Unless the victim of the Police shooting was also wearing a working body cam and able to supply cofirmatory footage Lancashire Police would dismiss the case in the absence of confirmatory video.
They certainly would! Greater Manchester Police was recently 'put into Special Measures' because of an organised and official dodge whereby they deliberately avoided recording 80,000 offences. Admittedly, I only know about the Lancashire Constabulary dodges ignoring serious traffic offences but I suspect they too are deliberately forgetting all types of offences. I'm saving up all my cases in an effort to get them into 'Special Measures' as well, and one of them is this 'we must have another video taken by the offender' dodge.
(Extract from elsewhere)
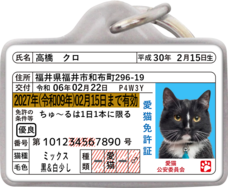 Daydream Labのプレスリリース画像5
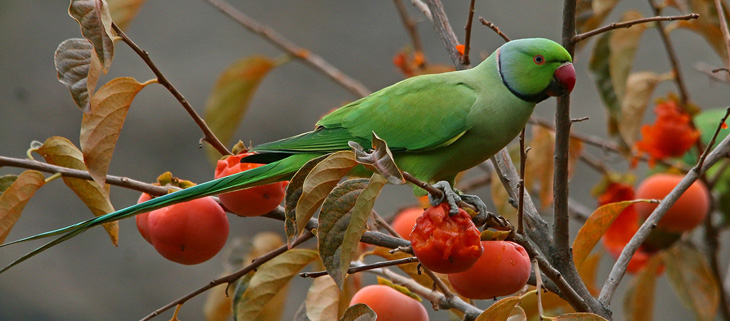 Parakeet eats fruit from a tree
It's not one of these 'open to interpretation' cases: I have the indisputable GPS-enabled video and the Detective Sergeant's astonishing letter all ready to go!
Was there any evidence (pardon the pun) that the police had actually checked if there was onboard dash cam? Or were you, the complainant, supposed to produce it?
It's a case of the police policing themselves 🤔
'Quis custo diet ipsos custodes?'
A bit of Latin first thing in the morning…
Quis custodiet
"Romanes eunt domus!"
Stwike him Centuwion ... vewy woughly!
A bit worrying with the justifications coming from the police there, a pointless, impatient and speeding close pass in a large POLICE vehicle with oncoming traffic.